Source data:
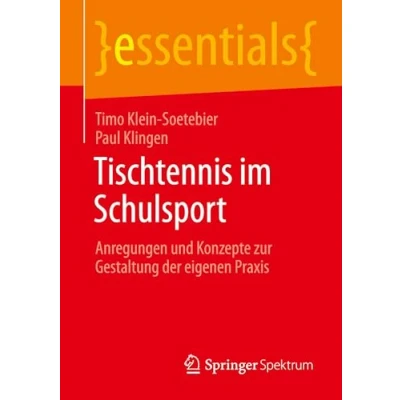 Abbildung von Tischtennis im Schulsport: Anregungen und Konzepte zur Gestaltung der eigenen Praxis (essentials)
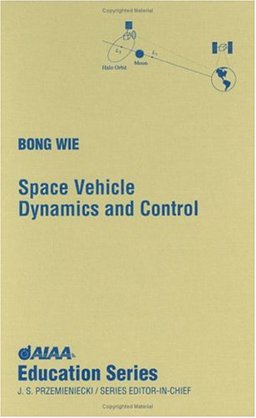 Space Vehicle Dynamics and Control  9781563472619 Front Cover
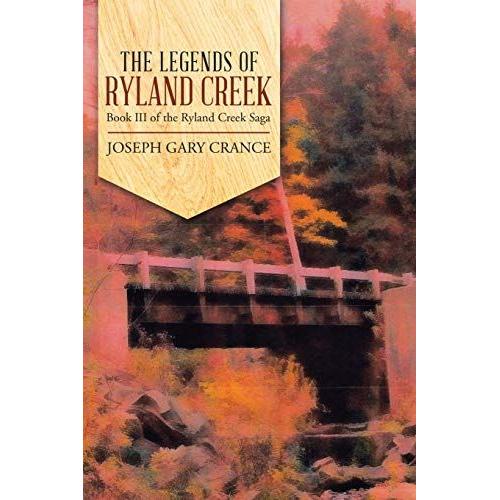 The Legends Of Ryland Creek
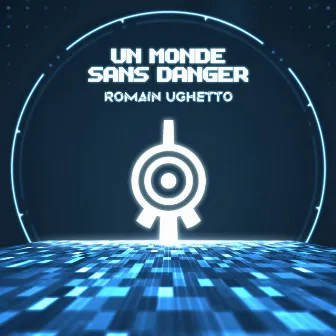 Un monde sans danger by Romain Ughetto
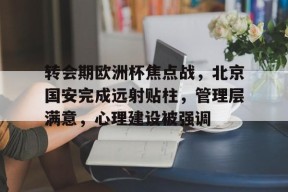 九游电脑版下载地址-转会期欧洲杯焦点战，北京国安完成远射贴柱，管理层满意，心理建设被强调的简单介绍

*REQUIRED ACTION*. Word for word, restate the lines from the line containing "Space Vehicle Dynamics" through the end of the data, including the first and last of them. Pictures stay out.

*RESPONSE FOR THIS EXERCISE*.
 Space Vehicle Dynamics and Control  9781563472619 Front Cover
 The Legends Of Ryland Creek
 Un monde sans danger by Romain Ughetto
 九游电脑版下载地址-转会期欧洲杯焦点战，北京国安完成远射贴柱，管理层满意，心理建设被强调的简单介绍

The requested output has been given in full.